I finally have all my parts for my '07 Arin frameset. So after doing probably too much reading, I am going to start on her this week. But first, I have two questions.
First, would it be a good idea to have the bottom bracket faced and have the threads chased before I start building?
Second. I was reading an article about the OEM Orbea rear derailleur hangers. I can't remember where but anyway, it sounded as if they are (were?) not of good quality and before this magazine ( I think it was a review ) built up the Opal or Orca, they changed the OEM hanger out for a Wheels Manufacturing hanger. They stated that the WM hanger was stiffer.
Has anyone heard of anything like this?
As always, thank you for your thoughts and advice......

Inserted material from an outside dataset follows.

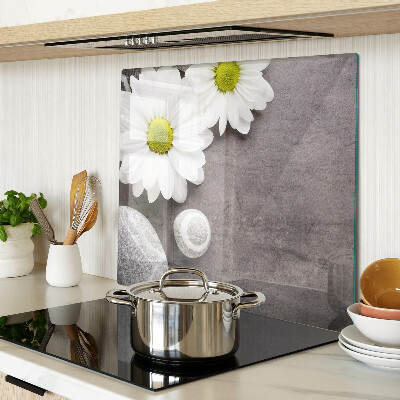 Tábua para cozinha Flores e pedras ao fundo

BTW I just thought that I would add that my 57cm Arin frame weighed 993 grams and my Orbea ( Zeus) full carbon fork came in at 350 grams uncut on certified labratory scales....WOW.......


----------



## spastook (Nov 30, 2007)

Facing bottom brackets was intended mainly to remove paint from framesets and assure that the fixed cup side and adjustable cup side would be parallel to one another. Modern bottom brackets are designed differently and I personally don't think facing the B.B. is necessary any longer. Cleaning the threads however wouldn't be a bad idea. I don't think you'll need to "chase" the threads professionally with a tap, unless they appear damaged, probably flush them out with a toothbrush and some WD40. Good luck with your Arin it looks like an interesting ride.


----------



## Snopro440 (Dec 21, 2006)

I disagree on not facing the Bottom bracket. (If you are using an external BB, which I would guess you are) I didn't once, and the cranks didn't spin well. Took it apart, faced it, and it was all better. I haven't heard of Orbea hangers being soft before. Cervelo I have, but I haven't with Orbea. I have only seen 2 bent, 1 was hit by a car, the other one was crashed pretty hard. I wouldn't worry about the hanger...


----------



## worldonastrng (May 12, 2008)

" OEM Orbea rear derailleur hangers"

I have put maybe 2.5k miles on my '08 Onix and just had my rear hanger replaced last week. The LBS works on lots of Orbeas and said that they generally replace most if not all of the hangers with more solid pieces. Hope this helps.


----------